Instead of rallying against Foley for being McMahon's pawn, many fans sympathized with the character and his lack of awareness of McMahon's manipulations. Thompson (1998a) wrote on his Mick Foley tribute site that "most of you will agree that Mick Foley is the hardest working man in pro wrestling. The guy has taken many of the craziest bumps in the business. Unfortunately, we may never see out hero with a major world title" (sic). This was written at a time when Foley was acting as McMahon's lackey, but fans had built up so much sympathy for Foley's various characters and so much respect for the performer that they were changing the way the storyline would play out, so that Foley would eventually become a permanent major WWE character and even champion by the beginning of the next year. At that time, Foley's character came to the realization that Mr. McMahon was manipulating him and stood against him, leading to his winning the World Heavyweight Title from McMahon's hand-chosen champion, The Rock.

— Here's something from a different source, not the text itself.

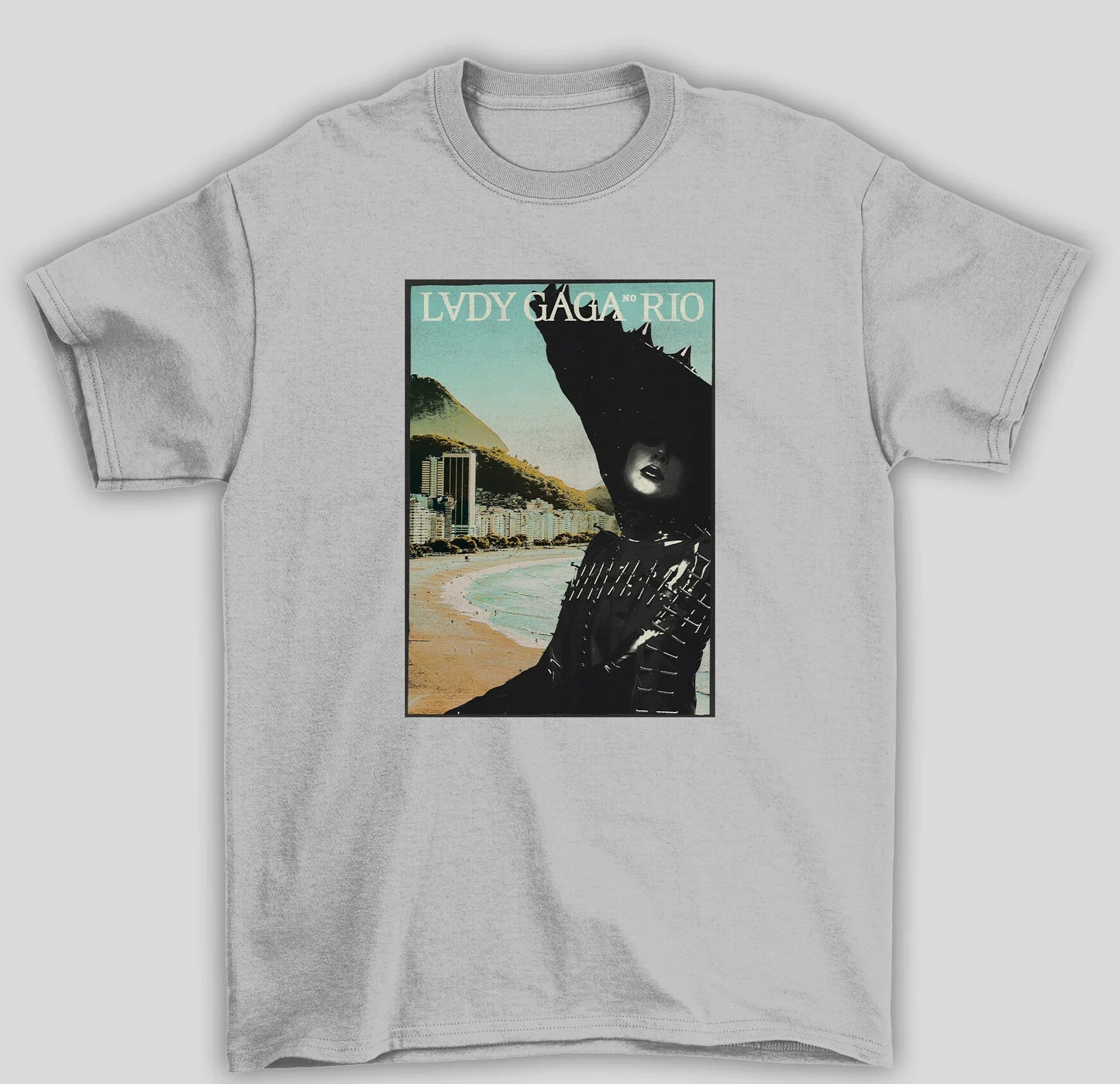 Camiseta Básica Lady Gaga No Rio Poster- cinza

Mankind, Dude Love, Cactus Jack, and aspects of Foley's personal life have all blended into one star image, Mick Foley. This short analysis of Foley's wrestling history is not meant as an authoritative look at his career but rather an identification of the key story that has created Foley as a particularly distinct contemporary hero. Like the super hero and his alter ego in comic books, Foley's personas interrelate and form one continuous character. Robert Inchausti (1983: 71) writes that with the super hero "the multiple spheres of one's existence do not impinge on one another but achieve a kind of harmonious give-and-take." This relationship among Foley's various incarnations has defined his overall character.

The growth of this overall character, Mick Foley, reveals important aspects of the way wrestling uses its multiple narrative forms to create a hero and the way that the hero is constructed by the media, the performer, and the fans. In addition, Foley's development embodies but also challenges aspects of the traditional masculine hero in American culture. Gerzon (1982: 237) writes that "emerging masculinities are unlike the old, not only in their emphasis on diversity, but because they are not based as much on tradition as on experience." Gerzon's characteristics of the new masculinities--the companion, the mediator, the colleague, and the nurturer--both coincide and conflict with more traditional roles of masculinity--the breadwinner, the expert, the father, and the husband.

These two strands are present in Foley's overall star image, as Foley is simultaneously typical and atypical. According to Oriard (1997: 394), a star such as Muhammad Ali becomes notable as a hero for his "uniqueness and his typicality." The same can be said for Foley, although his character bears no close resemblance to Ali. Mick Foley is a particularly appropriate avenue to study this ambivalent renegotiation of masculinity and the hero because of wrestling's reliance on particularly narrow definitions of masculinity to create narratives of physical struggle. Foley's characters paradoxically renegotiate those narrow definitions by both accepting and rejecting aspects of them. His image will illuminate some of these contradictory themes in the modern hero.